Stripping unprintable Unicode variation characters in PHP

Emoji characters like 🥳, 🎉 and 💖 can be represented in a string in different ways. The first way is to include a Unicode point as a single character. For example 💖 is Unicode point U+1F496, which can be included in a PHP string either directly ('💖') or using the Unicode code point escape syntax from PHP 7 onwards: "\u{1F496}".

You can try these on the PHP REPL (php -a):

php > echo '💖';
💖
php > echo "\u{1F496}";
💖

Emoji characters might also be represented using a zero width joiner Unicode point, which lets you combine two separate Unicode points together to be displayed as a single character. For example, the rainbow flag emoji 🏳️‍🌈 can be produced by the sequence [Waving white flag] [ZWJ] [Rainbow] (flags are a common use-case for the ZWJ character).

See also: Fun Emoji Hacks: Zero Width Joiners.

As well as zero width joiners, there are also Unicode variation selectors. These can be used in conjunction with ZWJ sequences “where one or more characters in the sequence have text and emoji presentation”.

For example, the 💖 emoji above might end up as ️💖 (️💖 in HTML) by the time it makes it into your system.

If you’re trying to print text containing these sequences, or render them into an image, this can lead to unwanted ? question mark characters appearing in the rendered text, e.g. ?💖.

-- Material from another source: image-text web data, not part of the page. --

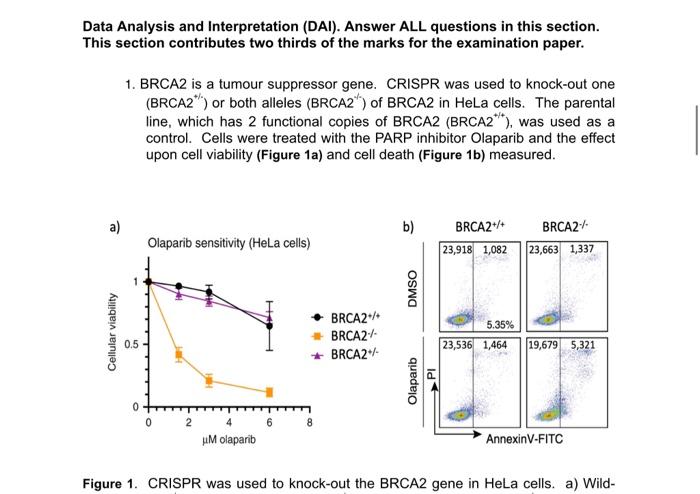 Data Analysis And Interpretation Dai Answer All Questions In This Section This Section Contributes Two Thirds Of The 1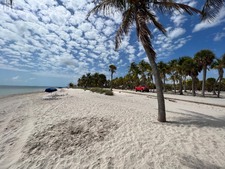 Enlarge photo 59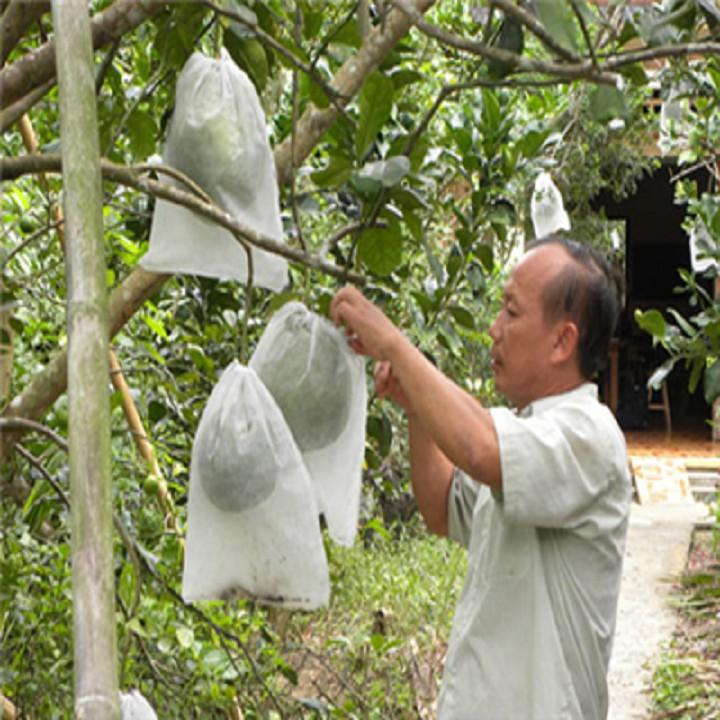 Combo 100 Túi Bọc Bưởi 30x30cm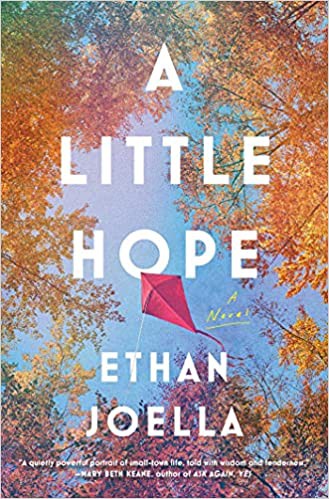 A Little Hope by Ethan Joella book cover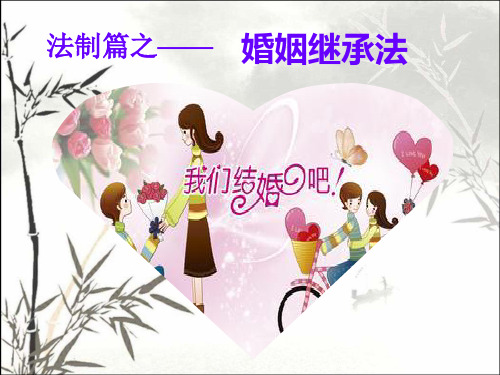 婚姻继承法 PPT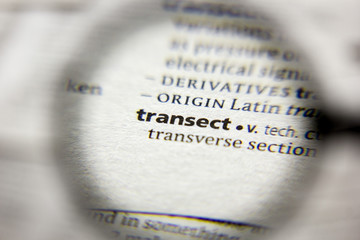 The word or phrase Transect in a dictionary.
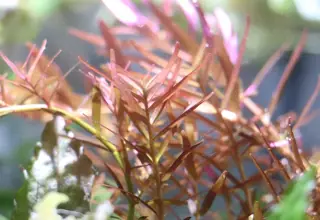 Rotala Hra 6 stem cuttings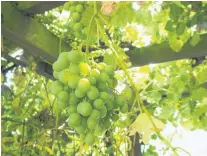  ??  ?? White grapes on a pergola in a Roxburgh garden.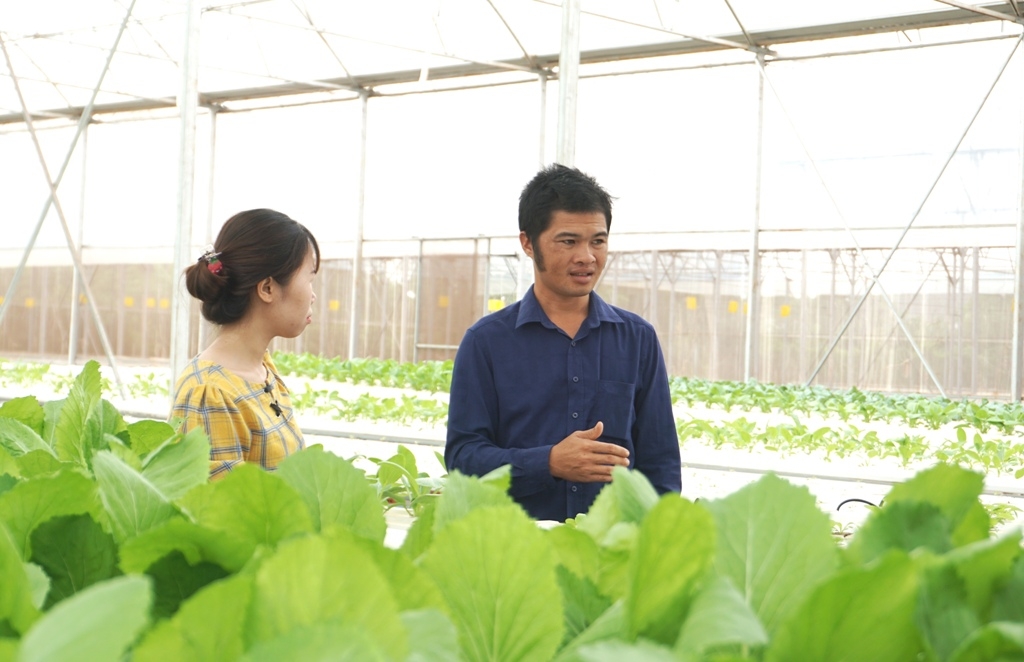 Mô hình  trồng rau  thủy canh  của Công ty  Cổ phần  Nông nghiệp công nghệ cao Agrieco  Việt Nam  tại tổ dân phố 6,  thị trấn  Quảng Phú.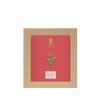 Forest Essentials Body Ubtan Rose Petal, Vetiver and Sandalwood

You can eliminate all or most of these in PHP like this:

<?php

use Normalizer;

preg_replace('/[\x{FE00}-\x{FE0F}]/u', '', Normalizer::normalize(trim($text)));

That should clear up the ZWJ and variation selectors into a printable string.

We use this to be able to print emoji characters that customers add to personal gift messages in Pop Robin Cards.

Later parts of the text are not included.